En 1911 veía la luz el Diccionario de lugares comunes, una obra elaborada durante más de treinta años por Gustave Flaubert y publicada, a título póstumo, décadas después de la muerte de su autor. En ella, el escritor francés repasaba los tópicos y tabúes del siglo XIX definiendo las palabras de acuerdo a los prejuicios y valores imperantes en su sociedad. Todo un testimonio del pensamiento estereotipado de la época, ordenado por orden alfabético y emulando las entradas de un diccionario.
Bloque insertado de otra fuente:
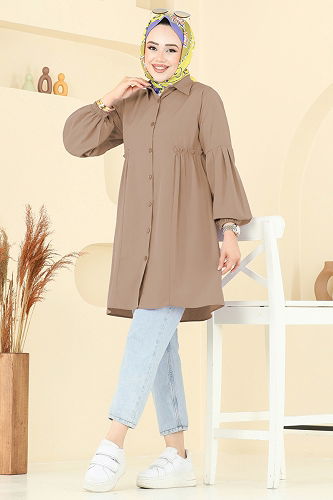 moda selvim Gömlek Yakalı Tunik 3055KTR750 Koyu Vizyon - Thumbnail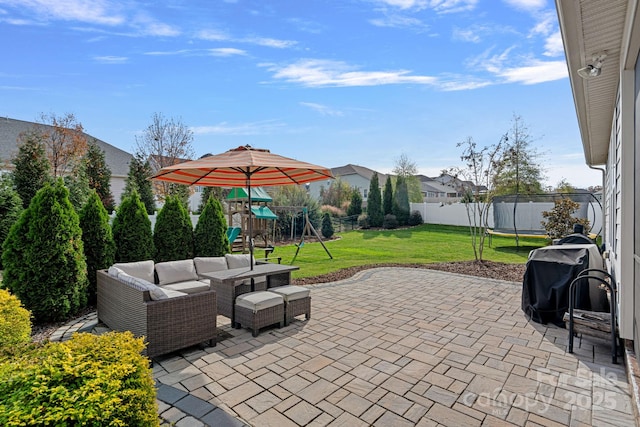 view of patio / terrace featuring a playground, an outdoor hangout area, and a trampoline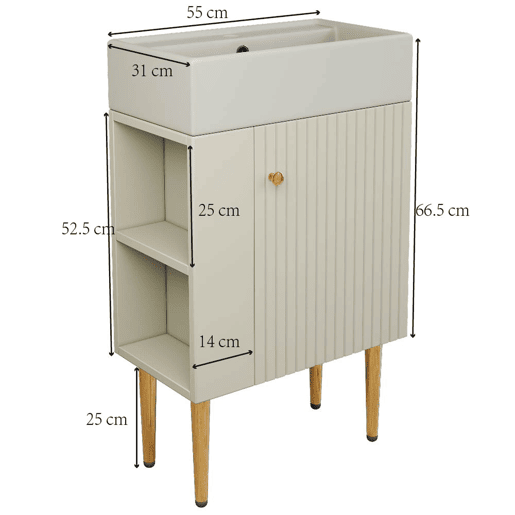 Móvel de casa de banho 55 cm - Lavatório com armário inferior, móveis para casas de banho pequenas - Branco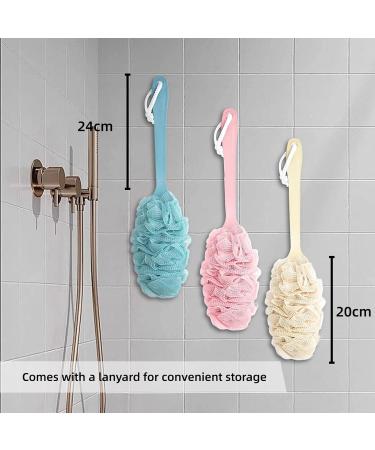 3-Piece Back Brush Set - Loofah Sponge Shower Brush & Long Handle Body Exfoliator - Unisex Shower Accessory (Green Pink & Milky White) for Glowing Skin - Buy Online on GoSupps.com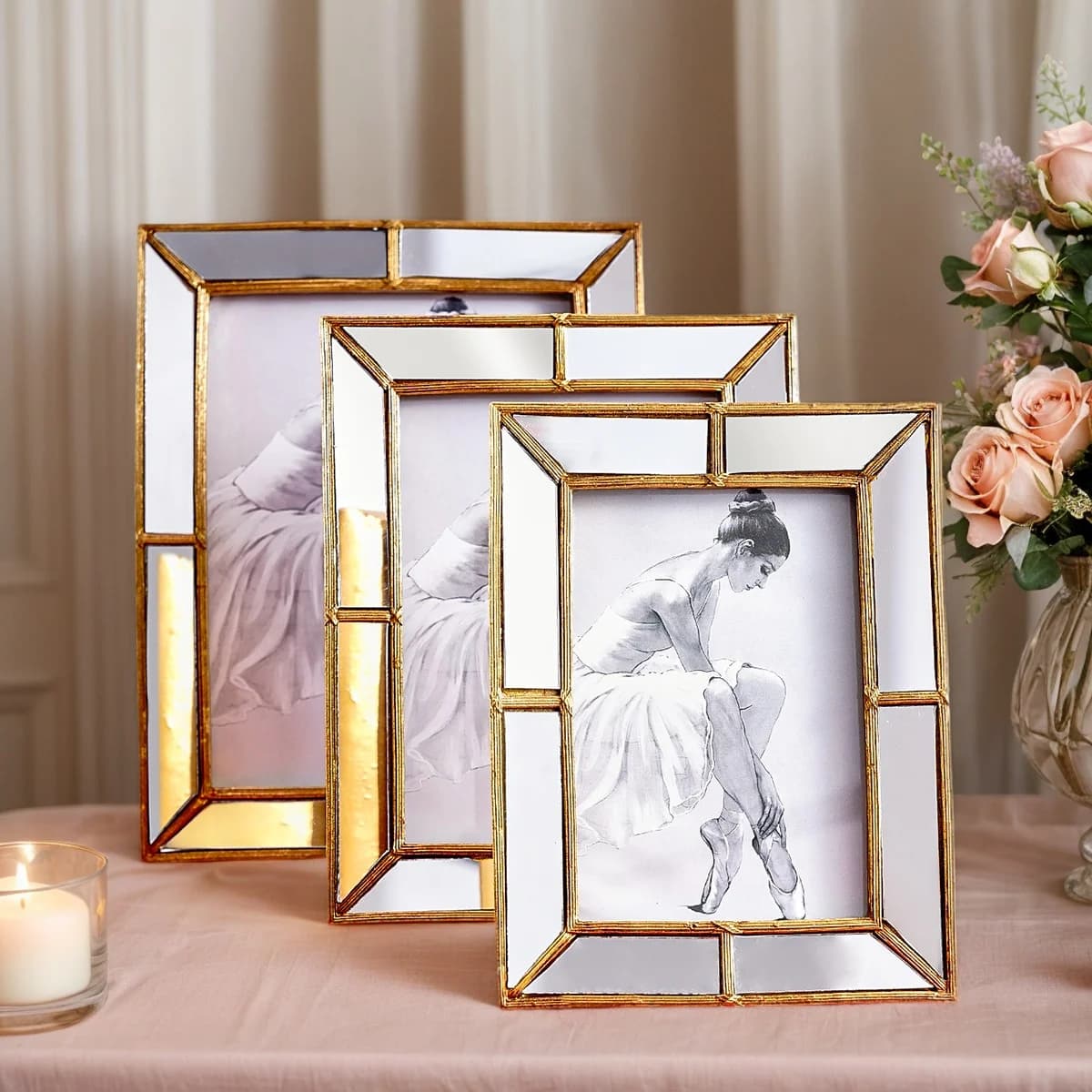 1PC, A Photo Frame with a Simple Golden Resin Material Frame and Mirror Glass Inlaid Decoration, Suitable for Photo Display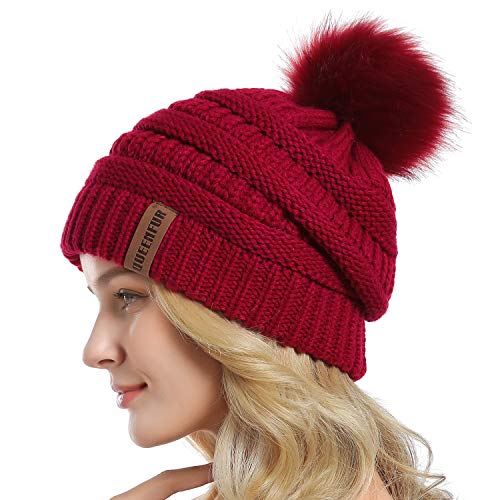 Winter Women Thick Cable Knit Ribbed Infinity Circle Loop Scarf - color: 26- Red Beanie and Scarf Set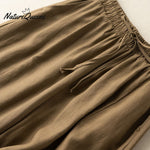 Dropping Cotton And Linen Cropped Wide - Leg Pants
Con humor, ironía y precisión, Flaubert recorre los juicios y clichés que imperan en las conversaciones diarias y se burla de la mediocridad y la tendencia generalizada a terminar discusiones cruciales, en lugares comunes a base de conclusiones livianas.
El libro supone toda una reflexión sobre la banalidad del lenguaje y por tanto, la banalidad del pensamiento. Una aguda crítica al proceso social a través del cual las palabras van llenándose, a base de repeticiones sin ningún filtro, de potentes significados que en lugar de servir como vehículo para el entendimiento se convierten en obstáculo para la reflexión y el análisis.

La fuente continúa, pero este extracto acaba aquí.